◆ What the task asks:
Go to the line with "BKSR Silicone AdultCap 1-100GB" in the material below and copy from there through the line with "Louis Vuitton сумка PR208552 8", exactly. Pictures are not copied.

◆ The records:
○ ○ ○ ○ ○ ○ ○
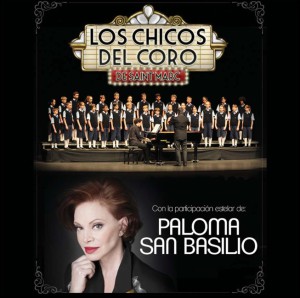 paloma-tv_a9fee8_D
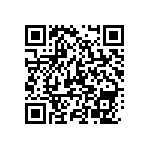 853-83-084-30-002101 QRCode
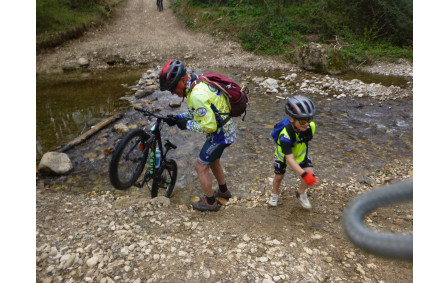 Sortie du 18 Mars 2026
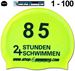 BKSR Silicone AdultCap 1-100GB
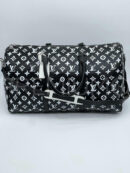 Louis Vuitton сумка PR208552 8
○ ○ ○ ○ ○ ○ ○
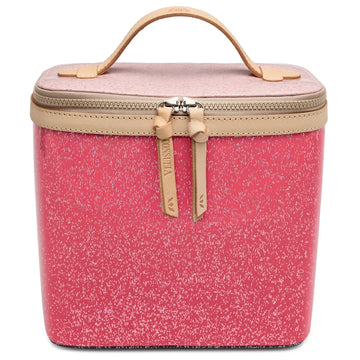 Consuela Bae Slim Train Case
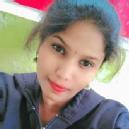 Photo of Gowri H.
○ ○ ○ ○ ○ ○ ○
◆ Result of this exercise:
 BKSR Silicone AdultCap 1-100GB
 Louis Vuitton сумка PR208552 8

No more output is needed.